ポルトガルはチェコに先制許すも…後半ATに途中出場の2人が躍動、劇的逆転勝利で白星発進

フランシスコ・コンセイソン

 EURO2024・グループF第1節が18日に行われ、ポルトガル代表とチェコ代表が対戦した。

 EURO2024予選ではグループJに入り、驚異の10戦全勝を達成したポルトガル代表。今予選参加チーム内で唯一の全勝を達成し、首位で本大会行きの切符を掴んだ。2016年大会以来、2大会ぶり2度目の優勝を目指すなか、今大会の初陣ではチェコ代表と激突する。

 チェコ代表はEURO2024予選ではグループEに組み込まれ、4勝3分1敗の成績でアルバニア代表と勝ち点で並ぶも、直接対決の成績が1分1敗だったため、2位で本大会へ出場。過去の最高成績はチェコ代表として初参戦した1996年大会の準優勝で、今大会では“サプライズ”を起こしたい。

 ポルトガル代表は6大会連続の出場となるクリスティアーノ・ロナウドだけでなく、センターバックの一角としてペペも先発出場し、元ハンガリー代表GKガボール・キラーイ氏が2016年大会で打ち立てた、40歳86日という大会最年長出場記録を更新。他にも、ベルナルド・シルヴァ、ブルーノ・フェルナンデスラファエル・レオンらが先発に名を連ねた。一方で、チェコ代表はヴラディミール・ツォウファル、トマーシュ・ソウチェクパトリック・シックといった面々がスターティングメンバーに入っている。

 この試合最初のチャンスはポルトガル代表が構築。8分、R・レオンが激しいプレスバックでボールを奪うと、ヴィティーニャからのパスを受けて左サイドをドリブルで快走。カットインから右足でクロスボールを入れると、タイミング良く中央へ入ったC・ロナウドが頭で合わせたが、ヘディングシュートはわずかに枠を外れた。

 その後もポルトガル代表が主導権を握り、17分にはヌーノ・メンデスが得意の左足でミドルシュートを放つも、枠を捉えきれない。22分にはルベン・ディアス、24分にはB・フェルナンデスがフィニッシュまで持ち込むも、ゴールを脅かすことはできず。32分には絶妙な動き出しで、B・フェルナンデスからのスルーパスを引き出したC・ロナウドが、背後のスペースへ侵入したが、GKインドジフ・スタニェクに阻まれた。

 なかなか先手を取ることができず、前半も終盤に差し掛かると、アディショナルタイムには再びこの男がゴール前で躍動。
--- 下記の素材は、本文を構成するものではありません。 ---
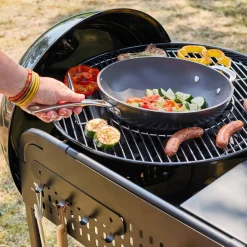 Runder Holzkohlegrill aus emailliertem Stahl Ø53cm mit 2 Rollen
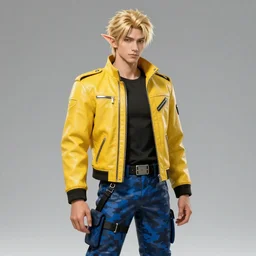 elven male, shaggy blonde hair. Wearing modern yellow leather jacket and blue camouflage pants. Modern, concept art, Akikazu Mizuno, phantasy star online, anime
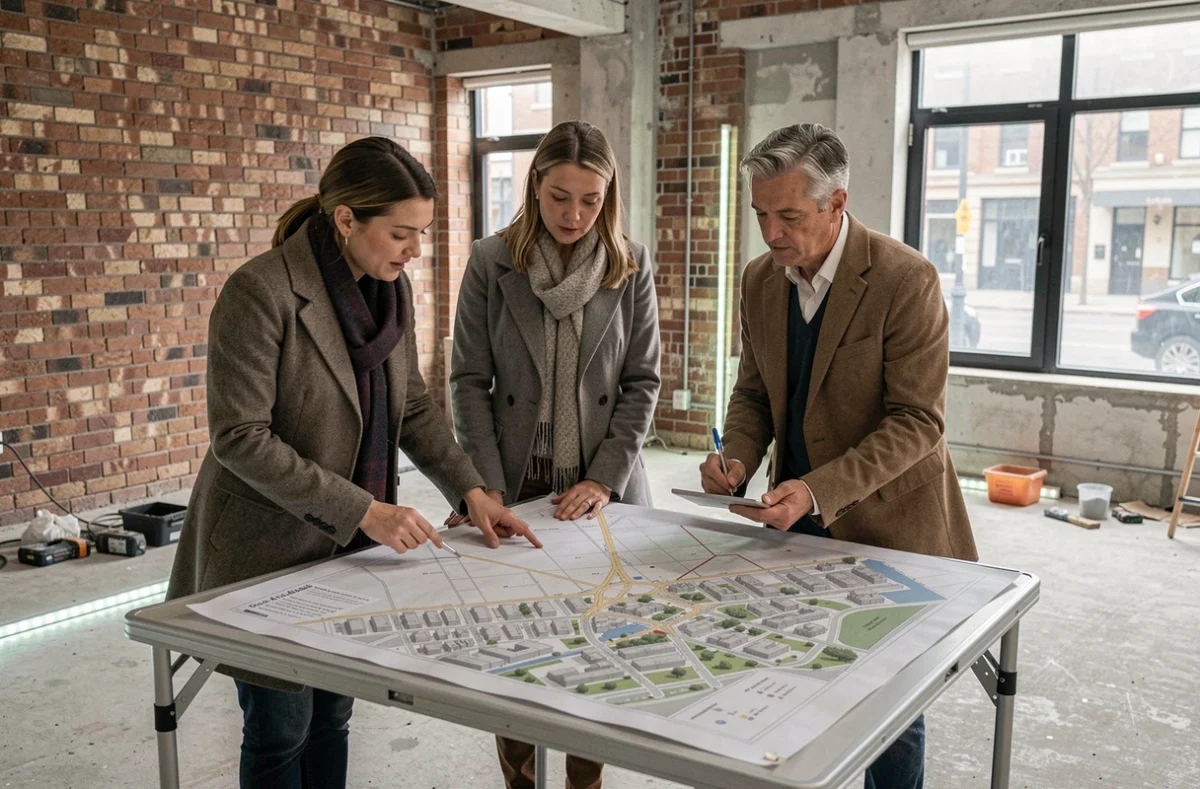 Équipe de professionnels de l'immobilier étudiant un plan de développement urbain dans un local commercial en rénovation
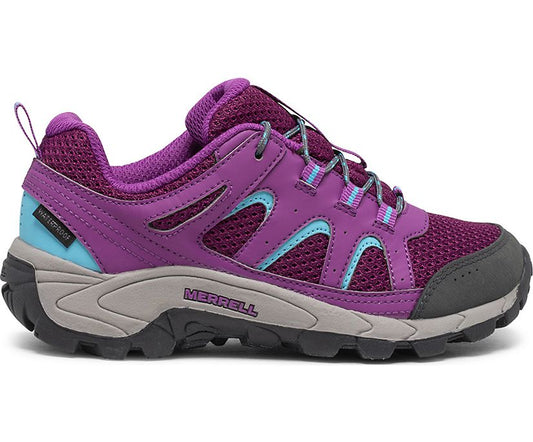 Merrell Oak Creek Low Waterproof Hiking Shoe - Pink/Blue-Mountain Baby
ボックス右でジョアン・カンセロからのパスを受けたC・ロナウドが、巧みなターンで前を向き、左足を振り抜いたが、シュートは再びGKスタニェクに弾き出される。前半はポルトガル代表が攻め込む時間がほとんどだったが、ゴールは生まれず、スコアレスで後半へ折り返した。

 後半に入っても試合の様相は変わらず、47分にディオゴ・ダロトがミドルシュートを放ったのを皮切りに、序盤はポルトガル代表のペースで進行。55分には右サイド高い位置を取ったR・ディアスのクロスボールから、C・ロナウドがヘディングシュートを狙うも、トマーシュ・ホリーにブロックされて枠へ飛ばすことはできない。
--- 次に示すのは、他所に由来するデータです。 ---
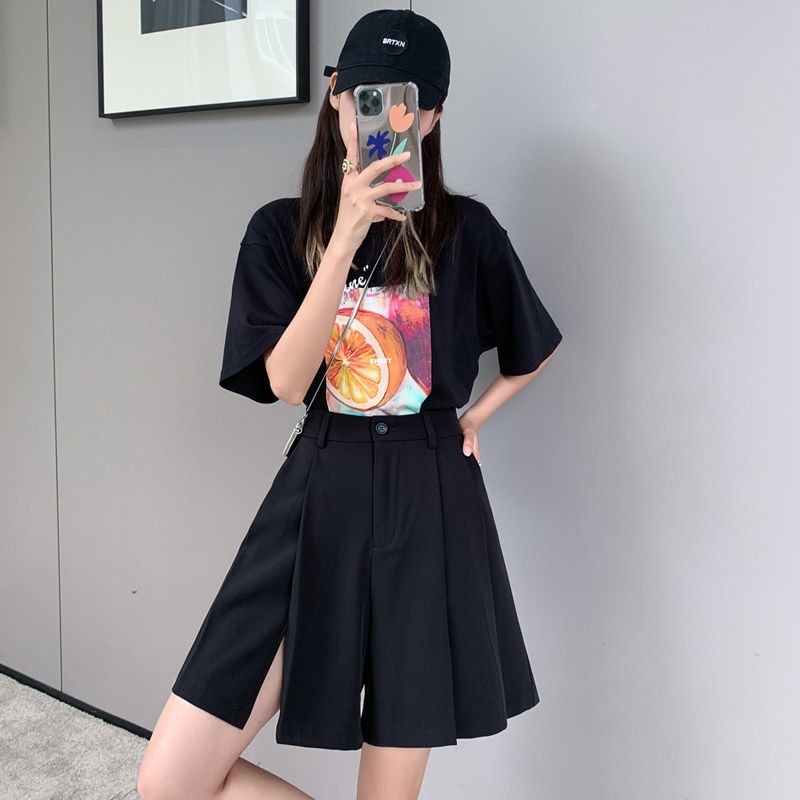 Quần ngắn ống rộng Xếp Ly Thời Trang Mùa Hè Hàn Quốc Mới Cho Nữ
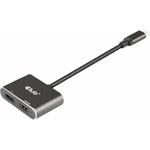 Club 3D CSV-1552 2-portos USB-C DisplayPort HDMI video splitter szürke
 続く58分には、ペナルティエリア手前中央の位置でカンセロが倒され、ポルトガル代表がフリーキックを獲得。ゴールからの24メートルほどで、C・ロナウドがキッカーを務めたが、シュートはGKスタニェクの正面へ飛び、難なくキャッチされる。

 チェコ代表としてはポルトガル代表に押し込まれる時間が続き、なかなか攻撃へ出るシーンを作れなかったが、60分まで無失点で凌ぎ切ることに成功。迎えた62分には反撃へ転じる。ゴールキックを敵陣へ放り込んだところから、セカンドボールを回収し、右サイドでオンドジェイ・リングルがボールをキープ。サポートしたツォウファルのアーリークロスから、モイミール・ヒティルがヘッドを狙うも、ここはジャストミートできない。

 それでも、左サイドへ流れたボールをダヴィド・ドウデラが回収し、右足でクロスボールを入れると、ペペにクリアされたセカンドボールもチェコ代表が拾う。ボックス右でボールを持ったツォウファルがマイナスへ落とすと、ルカーシュ・プロヴォドが右足一閃。狙い澄ましたミドルシュートを叩き込み、チェコ代表がわずかなチャンスをゴールに結びつけた。
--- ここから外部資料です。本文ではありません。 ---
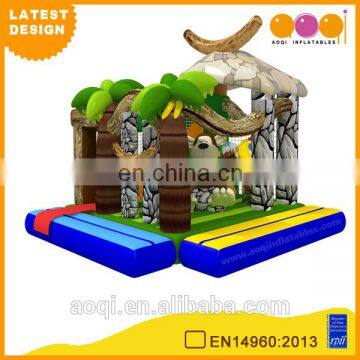 2015 AOQI newest design caveman outdoor inflatable jumping bouncer for kids with free EN14960 certificate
 まさかの先行を許す展開となったポルトガル代表は、失点直後に2枚の交代カードを切る。ダロト、R・レオンを下げて、ディオゴ・ジョッタ、ゴンサロ・イナシオを送り出した。

 ポルトガル代表は再び攻撃に出る時間を続けると、69分にはヴィティーニャからのパスを受けたB・シルヴァがボックス右で前を向く。無理に仕掛けることはせず、相手を引きつけて後ろへ落とすと、ヴィティーニャがダイレクトでアーリークロスを供給。ファーサイドへ走り込んでいたN・メンデスが頭で折り返すと、これが相手のオウンゴールを誘い、ポルトガル代表が即座に試合を振り出しに戻した。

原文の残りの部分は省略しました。